Yazar: Melis ZararsızÇakallarla Dans, 2010’da vizyona girmişti. O zamana kadar Murat Şeker, ülkemizde sinemaya giden kesimin nabzını iyi tutabilen, filmlerine Yeşilçam tadı da katabilen, temiz işler yapan genç yetenek bir yönetmen olarak kendini göstermişti diğer filmleriyle. Çakallarla Dans da ismiyle olsun, kadrosuyla olsun dikkat çekici idi şüphesiz, İlker Ayrık, Timur Acar, Murat Akkoyunlu ve Şevket Çoruh, hem tiyatrodan hem televizyondan tanınan, sevilen, saygı duyulan oyuncular, biraraya gelişlerinde de muhteşem bir kimya var.
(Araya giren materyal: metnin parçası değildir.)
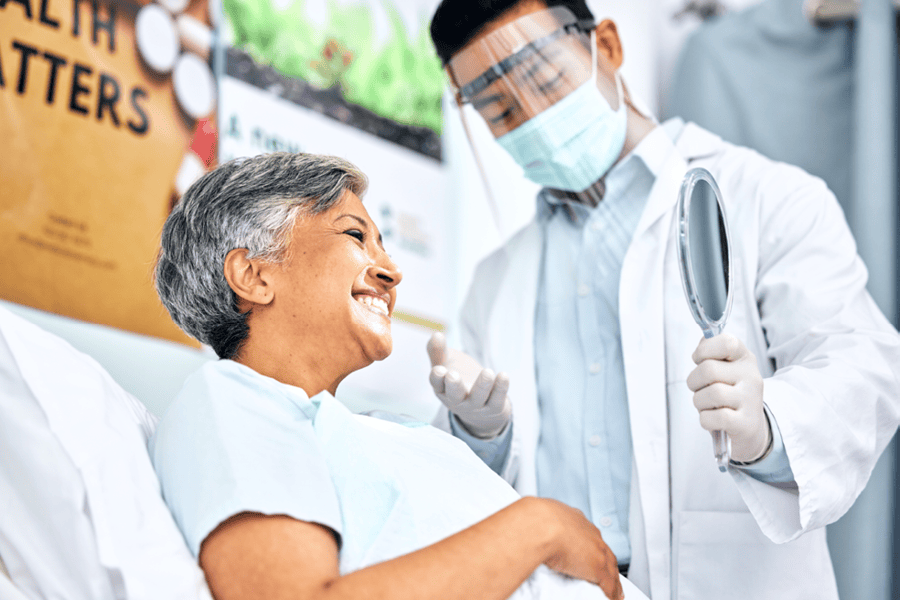 Dentist giving a dental exam to an older adult.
Bir yönetmenin en büyük başarılarından ve artılarından biri kanımca birbirine kimyası uyan oyuncuları biraraya getirebilmek çünkü bazı filmlerde, teknik ya da hikayesel eksikler olsa da açığı kapatacak kadar önemli bir detay olabiliyor bu. Bu dörtlü o kadar güzel bir “ekip” haline geldi ve ilk film vizyonda büyük başarı göstermese de kulaktan kulağa o kadar konuşuldu ki, ikinci filmi çekmek de bir nevi şart oldu. Çakallarla Dans 2, 2012 sonunda vizyona girdi ve ilkinden çok daha fazla gişe yaptı. Hem samimi ve sıcak bir mahalle öyküsü hem de suçu da içine harmanlayan, temposu hiç düşmeyen absürt bir komedi Çakallarla Dans. Yabancı örnekleri çok fazla bu türün, ama onlara çok da fazla öykünmüyor, bize ait, mahalle kültürüne ait öğeleri kullanmayı tercih ediyor yönetmen ve senarist, iyi de yapıyor. Mizah bizim mizahımız, hafif küfürlü, hafif delikanlı, arkadaşlığa, bağlılığa odaklı, ama arabeske de kaçmayan, kıvamında bir “Türk” öykü bu 3 filmde de anlatılan.
Bilen bilir, ilk filmde de ikincisinde de ekibin başına gelmeyen kalmıyordu hatta ikinci filmde hapisin yolunu bile boylamışlardı, ne de olsa çakal bunlar, ama sürekli de "bu çakallık nereye kadar" sorgulamasındalar…Son filmde kişisel gelişim kurslarına gittiğini görüyoruz ekibin, başlarını beladan uzak tutmak istiyorlar artık, “işimdeyim gücümdeyim” haline gelmek istiyorlar, paraları pulları yok ama düzgün işlerde çalışma gayretindeler, bir şekilde düzgün hayat peşindeler ama çok kısa sürüyor bu hayalleri. Del Piyero Hikmet (Murat Akkoyunlu) vapurda tanıştığı dilsiz bir kıza bir görüşte aşık oluyor, kısa bir süre dünyanın en naif flörtünü yaşıyorlar ve Hikmet arkadaşlarından yardım istiyor: bu peri kızıyla evlenecektir ve kızın annesinin de ricasıyla sevdiği kadının ameliyat olmasını ve dilinin çözülmesini istemektedir, ama o kadar ameliyat parasını nereden bulacaklar? Eee,çakal bunlar, ne yapar eder bulurlar değil mi? Evet, yine başlarına iş açmak zorunda kalırlar ama bu kez çok ters köşeden yerler golleri!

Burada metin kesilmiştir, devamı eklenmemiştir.